Query call performance and boundary nodes

Is there documentation anywhere that details the performance limitations for query calls?

The current motivation for me is understanding how video and audio streaming will scale using traditional range requests implemented in a single canister. So imagine a 1 Gib video file serves with Express from Azle with 2-3 MiB ranges supported per HTTP GET request. Clients would use HTTP GET requests and not the Canister API directly.

So how will this scale right now? How many queries per second can a single canister sustain? How will the boundary nodes handle this scale? When and where would rate limits kick in? Would the rate limits be per IP or globally, for the canister or for the subnet?

In general I think it would be amazing to have a dedicated page on internetcomputer.org similar to the resource limits page that describes scalability limitations, not just for queries but for updates and HTTP requests as well.

@free @ulan @rbirkner

1 Like

Good idea about adding a page about scalability limits.

Some estimates from the replica side:

  • there are 4 query threads per node (but a single canister can use only 2 threads).
  • each thread can execute about 1000-2000 queries per second and 2B instructions per second.
  • an application subnet has 13 nodes.

(Please consider these number as ballpark numbers, the actual numbers depend on specific Wasm instructions execution and may be off in either direction)

By measuring the number of executed instructions in the query using ic0.performance_counter, you can get a ballpark number on the theoretical query throughput limit. Note that the actual number may be lower because there could be other canisters running.

Example 1. The query is short-running and executes at most 1M instructions. In this case the number of instructions per second is not a bottlneck: 2B / 1M = 2000. The bottleneck is the number of queries per second, which is 1000-2000. So, the upper limit on the query throughput is

 2000 queries/second/thread * 2 threads/node * 13 nodes/subnet
 = 52K queries/second/subnet

Example 2. The query is long-running and uses 100M instructions. In this case the throughput is bounded by the instruction throughput: 2B / 100M = 20:

 20 queries/second/thread * 2 threads/node * 13 nodes/subnet
 = 520 queries/second/subnet

As you can see, the number of instructions executed per query is the major factor in the overall performance.

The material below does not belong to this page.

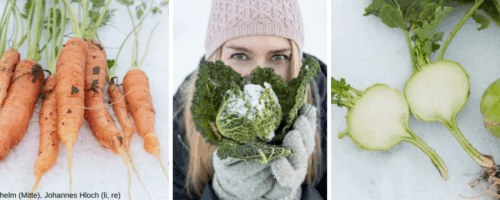Frostig, knackig und voller Vitamine: Wintergemüse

As a sidenote, I’d like to caution against promoting the video use case until there is query charging with sustainable pricing. Otherwise, you would be setting up your users for failure when query charging is enabled (which is unavoidable at some point in the future).

4 Likes

Thanks for this excellent information!

1 Like

Is there any idea about the timeline and the cost of query charging? I would much rather get people excited and building with the information available that it won’t always be free, especially considering how long it could take to introduce query charging, and people should expect to pay right? It’s somewhat surprising that queries are free right now, so maybe it won’t be that much of a shock?

Price and time to implement would be great to have an idea about. Some people are pretty excited about this right now and I’d like to give them the mainnet solution once the boundary node issue is resolved, and let them deal with the information about having to pay for it eventually.

Is there any idea about the timeline and the cost of query charging?

There was a pushback both from the community and internally against introducing query charging soon and we had to rescope it to query stats: Community Consideration: Explore Query Charging - #23 by stefan-kaestle
There is also a big challenge of protecting canisters against cycle draining attacks. I think there needs to be some push from the community for this to start progressing.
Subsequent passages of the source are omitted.